By themselves, the numbers are too vast to grasp. But with researchers’ analyses and translations, the data can identify what is usual customer behaviour versus what a malicious hack looks like. They can also assess the potential threat in all the grey areas of uncertainty in between those two extremes.
Shami’s team at the Optimized Computing and Communications (OC2) lab in Western Engineering is using multiple parallel processing libraries to scour the millions of data points and find patterns for a wide range of features that include frequency, location, type and timing of requests.
“The goal is to understand better those attackers and attack events so we can identify patterns,” he said.
The next step, then, is to explore and design security frameworks to prevent network attacks and anomalous behaviours. It’s a tricky task that requires machine-based and software-based learning – artificial intelligence that knows when and how to ‘read’ changing circumstances – plus human assessment of risk.
In the case of our fictitious British Columbia town, for example, it’s possible there’s nothing nefarious at all taking place. Maybe these particularly sociable residents have managed to organize scores of community-wide viewing parties, timed to start with the movie’s official release at noon in Berlin, Germany.
Alternatively, maybe it’s an attempt by hackers to detect a weakness in the system and exploit it.
So why does it make a difference? In four words: capacity, cost, security and service.
Data traffic and Internet usage have grown exponentially – with higher demand for fast and high-definition content than ever before. “This is illustrated by the projection that Internet video traffic will constitute 82 per cent of the Internet traffic by 2020, with CDN traffic delivering nearly two-thirds of the total Internet video traffic.”
The demand also necessitates larger and more complex CDNs, with greater range and capacity and more interaction with different devices and protocols.
Along with a growth in the volume of content has been an increase in the number of attackers looking to exploit and overload the system, or worse.
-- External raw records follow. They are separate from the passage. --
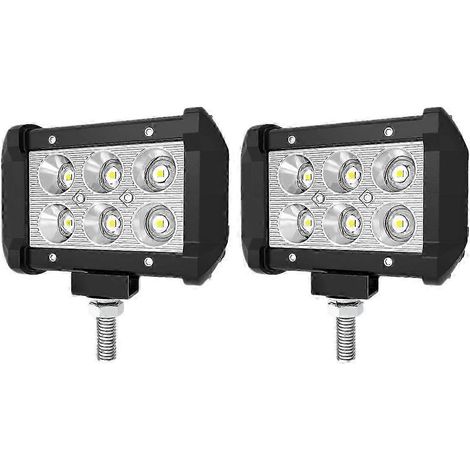 Lot de 2 phares de travail LED 4 pouces 18 W, compatibles avec 4x4, quads et SUV. Feux antibrouillard haute qualité. WHBYV (1/4)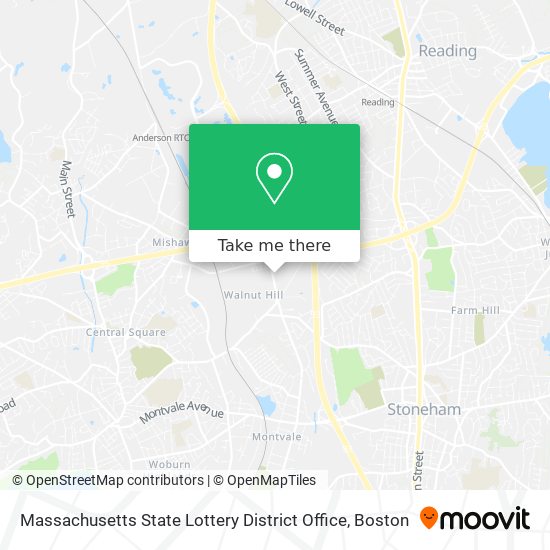 Massachusetts State Lottery District Office map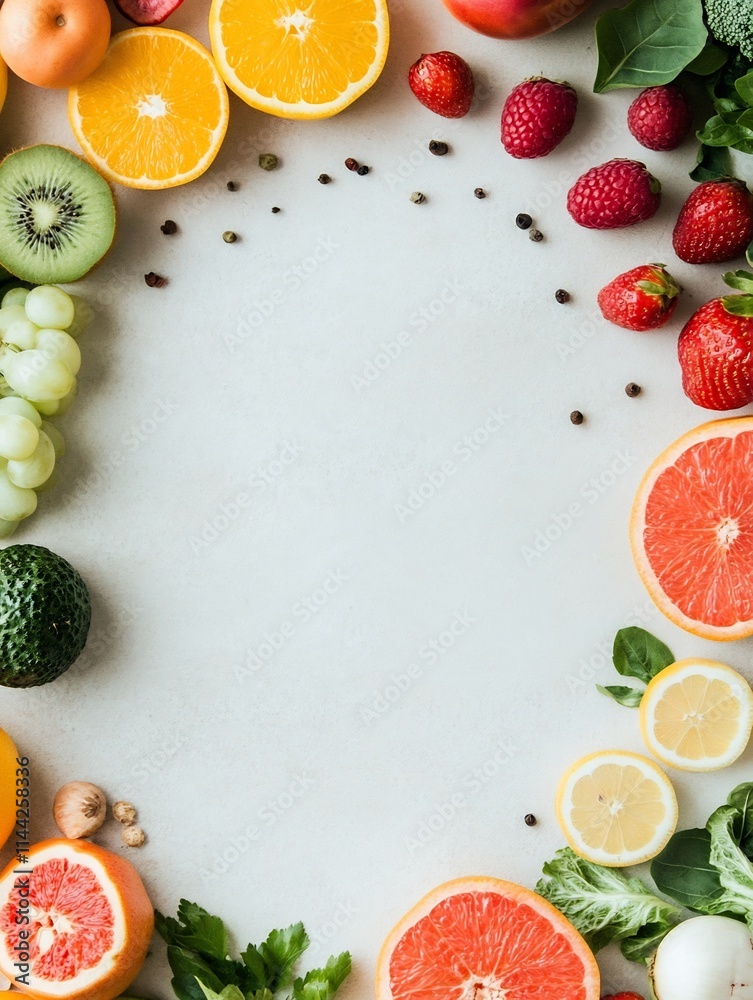Vibrant Mineral Rich Produce Flatlay on Minimalist Background with Copy Space Vibrant Mineral Rich Produce Flatlay on Minimalist Background with Copy Space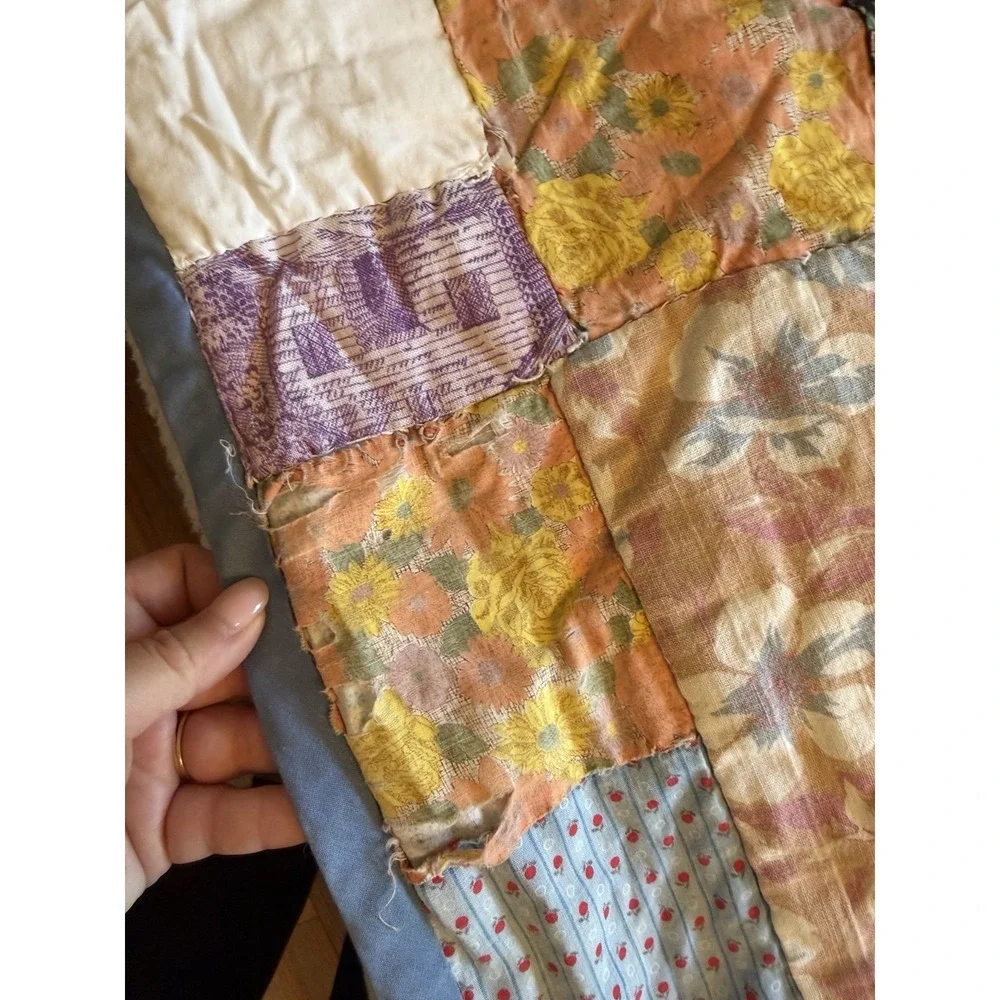 Vintage Scrappy Patchwork Quilt Full 57X68 Heavyweight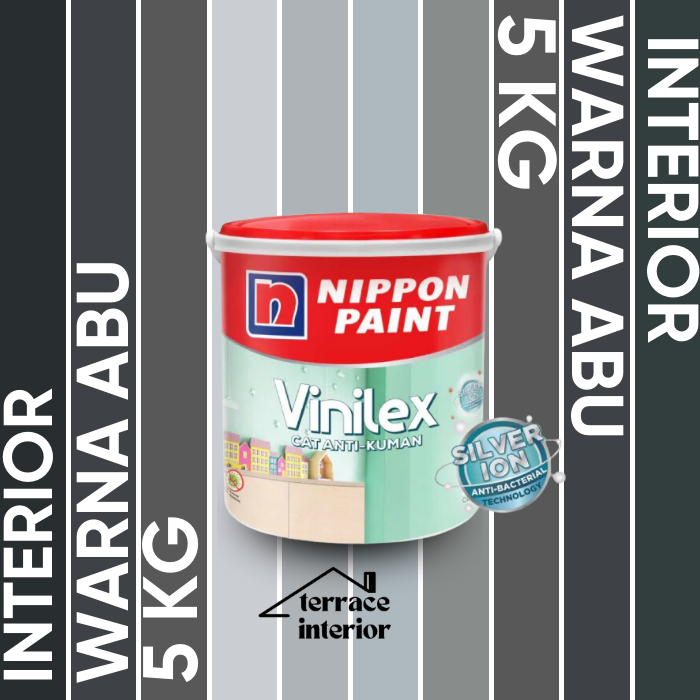 Cat Tembok Vinilex Silver Ion Nippon Paint Interior Warna Abu 5kg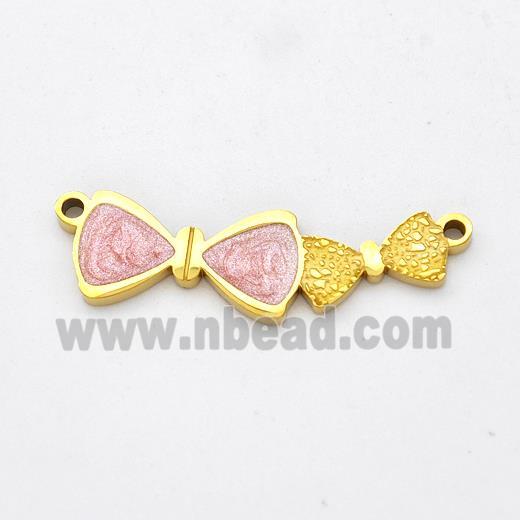 Stainless Steel Bowknot Pendant Pink Painted 2loops Gold Plated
Cybercrimes cost companies hundreds of millions of dollars a year, so having efficient, reliable, scalable, highly distributed, and secure CDN networks has become a must to meet the increased demand for content delivery.
For customers, these CDNs are a vital (even if invisible) intermediary that ensure quality service closer to home.
If a CDN is compromised, streaming video or downloading data can be like trying to jam marbles through an hourglass.
The data set Shami and his team of two graduate students are working on is static, but their job is also to generate dynamic computer models that learn over time.
“The goal is to improve on the rule-based model,” he said. “It needs to be flexible enough to provide recommendations and outcomes.”
They’re working on an algorithm that will assign percentage scores to anomalous events – to predict whether outliers represent attempted hacks or, instead, are more likely to be mass online social events. Think Marshmello’s virtual concert on Fortnite that attracted 10 million gamers last February.
Shami’s broader research includes other industry partners, including conducting data analyses in digital manufacturing and customizing cybersecurity in large networks, to cite just two examples.
All told, Shami has 14 members on his OC2 lab working on related problems. Many of them are working with corporate and institutional companies looking for answers to similar problems.
The work has advantages well beyond their considerable benefit to industry, he said. It means graduate and post-doctoral students “are being trained on meaningful problems and finding solutions” that will help them in their post-university lives.